In Nordhoff's Communistic Societies of the United States, he quotes a definition of "Perfectionism" he received from the Oneida Community:
"As the doctrine of temperance is total abstinence from alcoholic drinks, and the doctrine of anti-slavery is immediate abolition of human bondage, so the doctrine of Perfectionism is immediate and total cessation from sin.
"But the analogy thus suggested between Perfectionism and two popular reforms is by no means to be regarded as defining the character of Perfectionism. Salvation from sin, as we understand it, is not a system of duty-doing under a code of dry laws, Scriptural or natural; but it is a special phase of religious experience, having for its basis spiritual intercourse with God.

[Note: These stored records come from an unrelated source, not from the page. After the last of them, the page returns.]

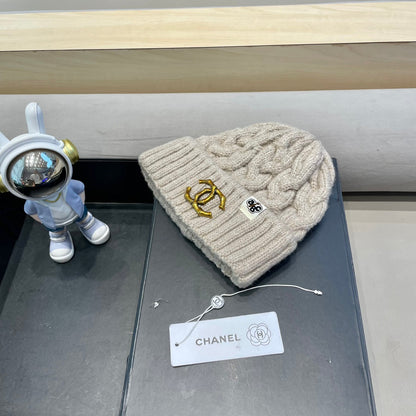 シスタータンウールのビーニーハット 431706 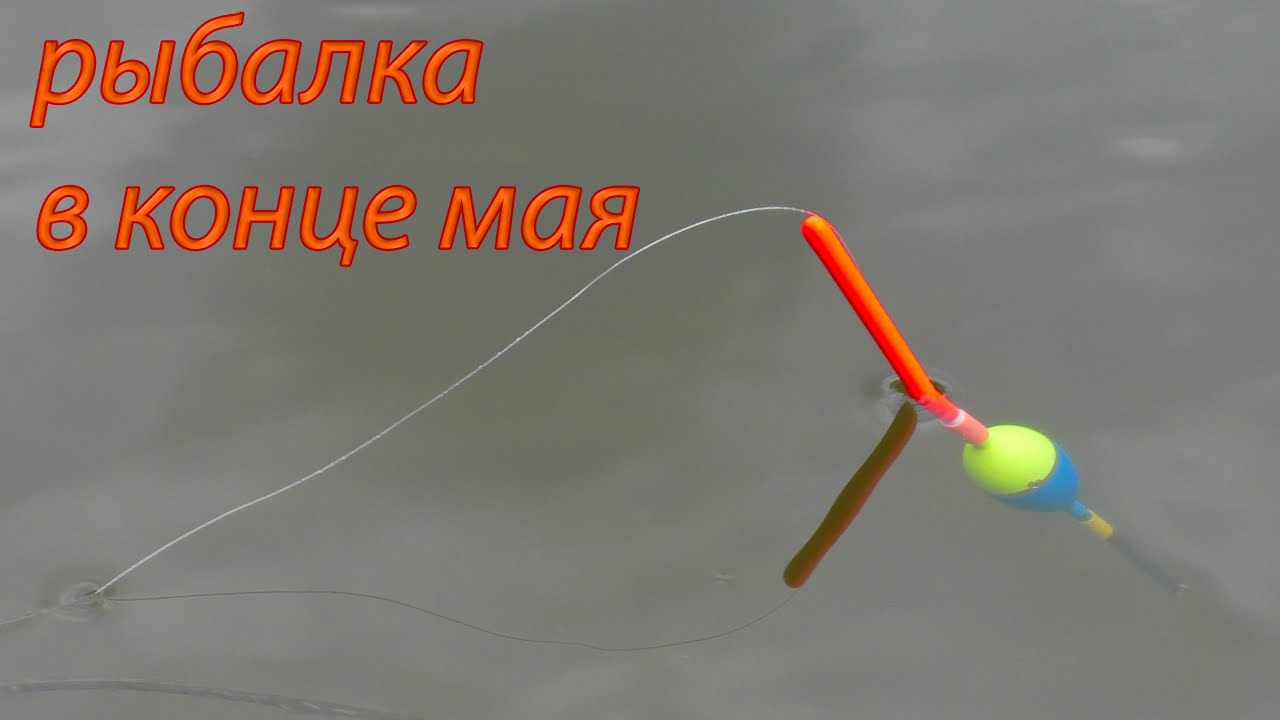 Рыбалка на речке. Супер клёв в конце мая 2022.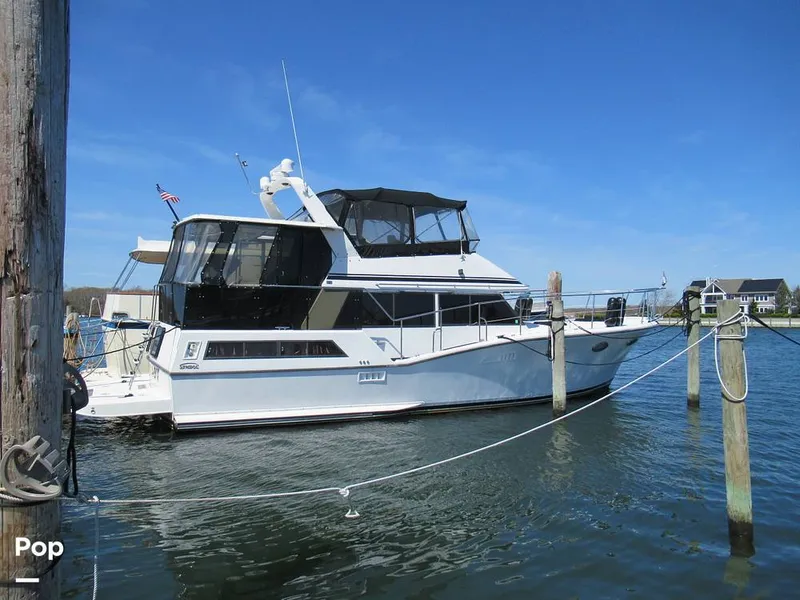 The Image of Symbol 44 MKII Sundeck 1987 - 10468403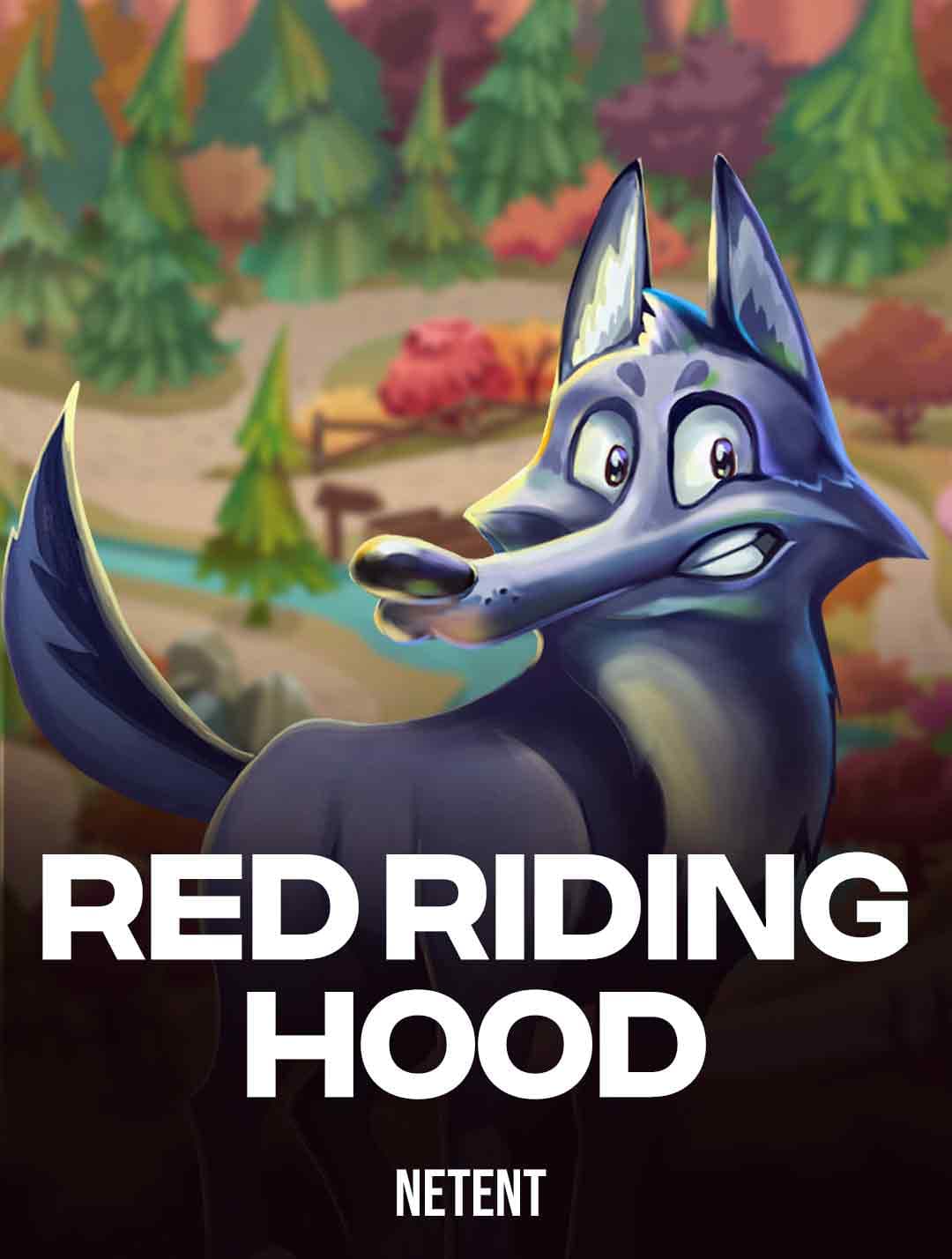 Play Fairytale Legends: Red Riding Hood Slot by NetEnt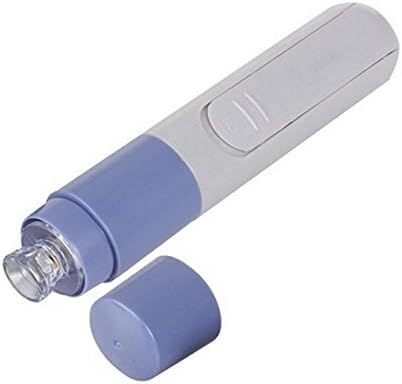 Bemas Blackhead Removal Tool Vacuum Cleaner Blackhead Removal Skin Care Beauty Instrument Cleaning Tool (Blue A)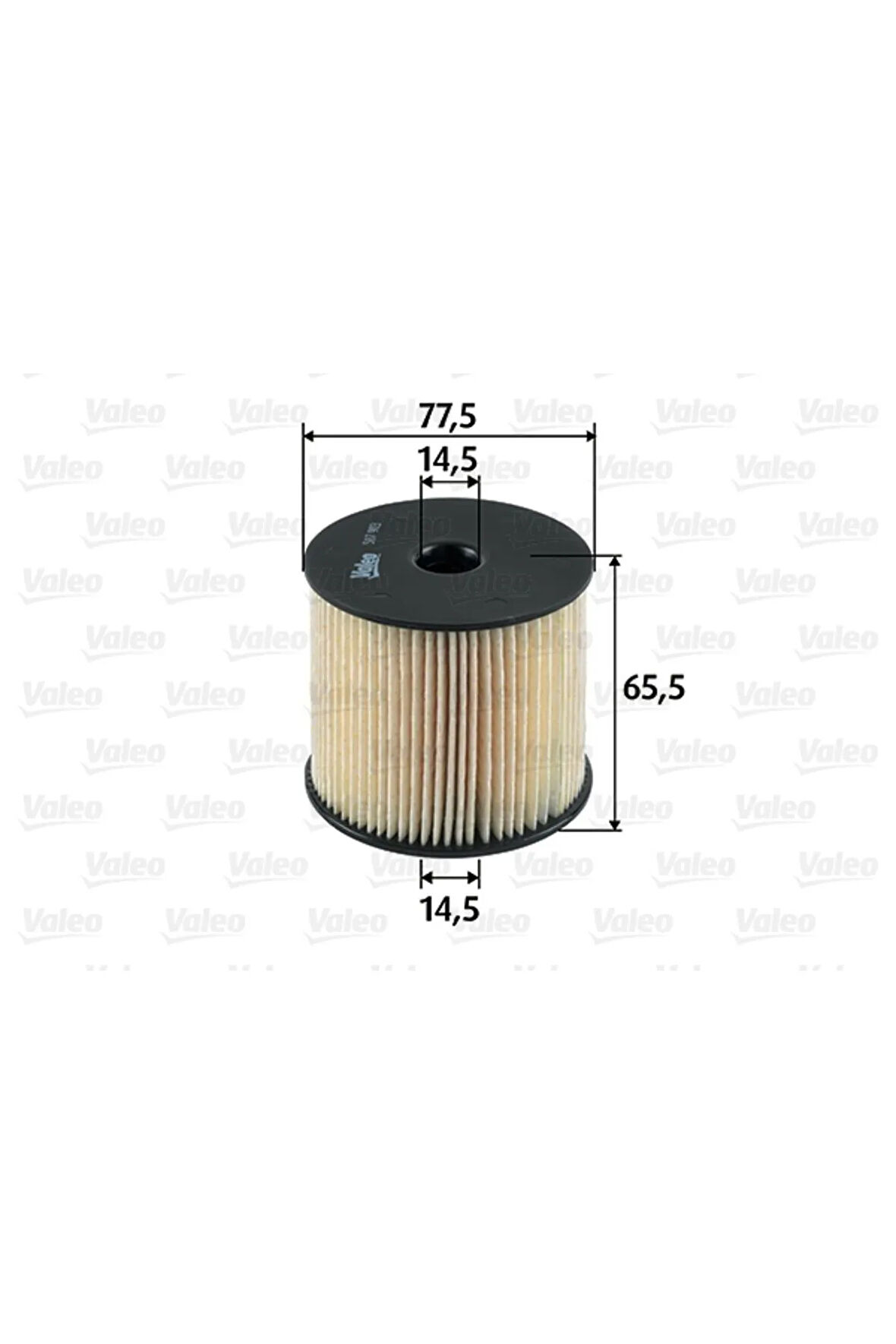 Yakıt Filtresi Mazot Cıtroen Xsara-pıcasso 2.0 Hdı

"...[F]aith leads [us] to seek intercourse with [God], to approach him by prayer, to give him [our] hearts, to live in communion with him. These exercises and the various states and changes of the inner life connected with them constitute the staple of what is commonly called religious experience... Perfectionists hold that intercourse with God may proceed so far as to destroy selfishness in the heart, and so make an end of sin. This is the special phase of religious experience which we profess..." (Nordhoff, The Perfectionists of Oneida)
Not a system, not obedience to a code, but a phase of experience. Not a model but a set of exercises and the various states and changes of the inner life connected with them. The key is practice. This seems to me quite similar to Arizmendiarrieta's emphasis on cooperativism as an experience. Arizmendiarrieta, too, was influenced by a doctrine of "perfectionism" in which the task of the priest was to destroy selfishness in the heart.
The interesting question to me is what to make of all this from a non-religious standpoint? I think the basic epistemological problem is the same: grounding a project not in models but in experience, making it at once radically contingent and transcendent, an experience which is at heart a constant practice of liberation.